> EXERCISE AIM
In the entries below, find the line with "Дизельный генератор 9 kVA YDE11000XE-3 8" and the line with "Camera Sutra Kökshandduk (Vertikal)". Repeat exactly everything between them, those two lines included, but not the pictures.

> INFORMATION GIVEN
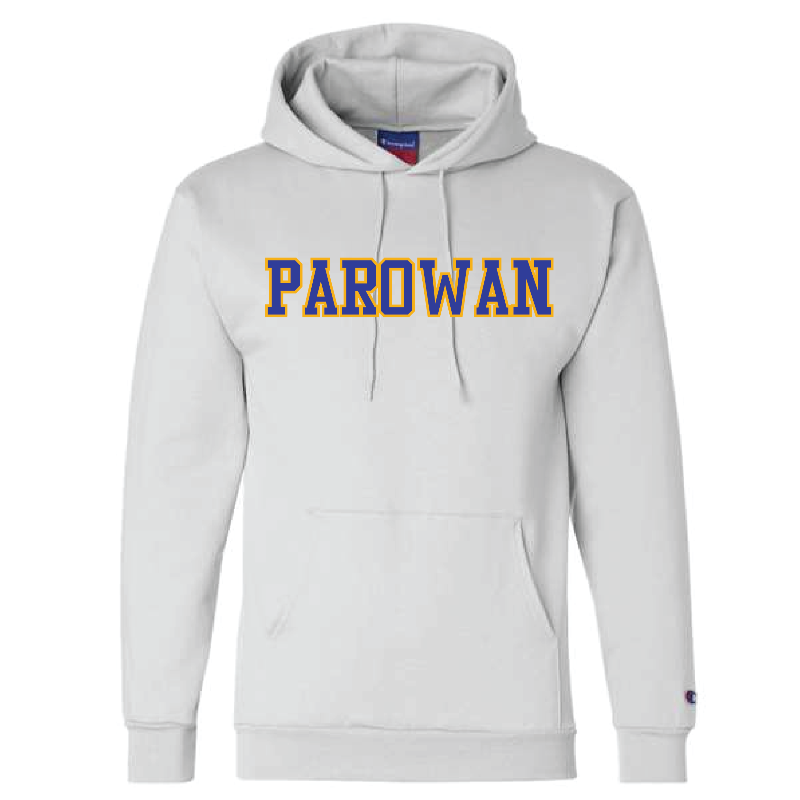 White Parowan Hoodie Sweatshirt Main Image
---
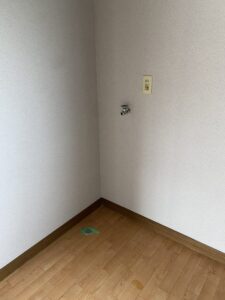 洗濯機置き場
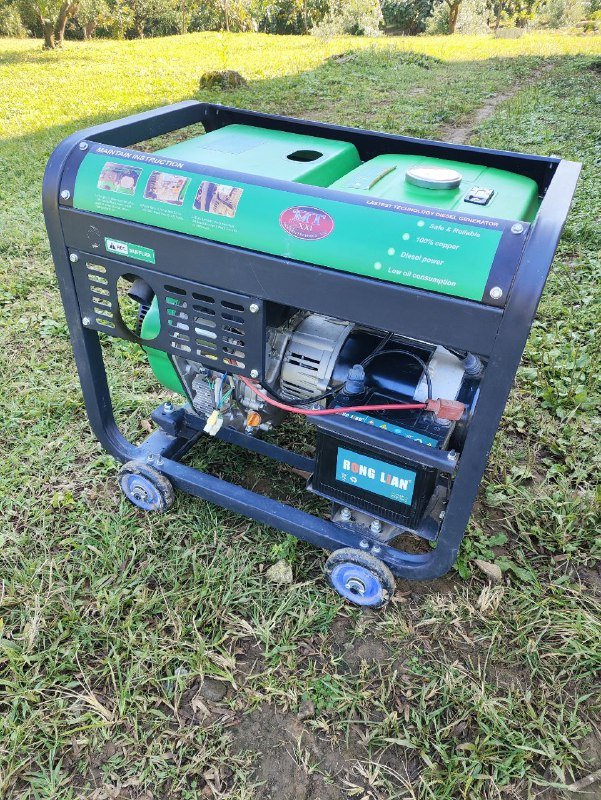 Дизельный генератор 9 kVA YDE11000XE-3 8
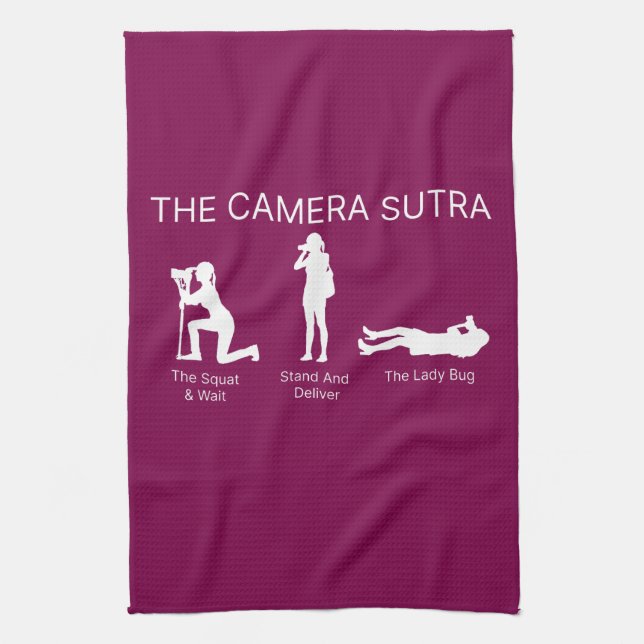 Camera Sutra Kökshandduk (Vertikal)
==
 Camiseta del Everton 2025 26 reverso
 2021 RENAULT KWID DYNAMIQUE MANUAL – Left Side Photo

> WRITTEN ANSWER
 Дизельный генератор 9 kVA YDE11000XE-3 8
 Camera Sutra Kökshandduk (Vertikal)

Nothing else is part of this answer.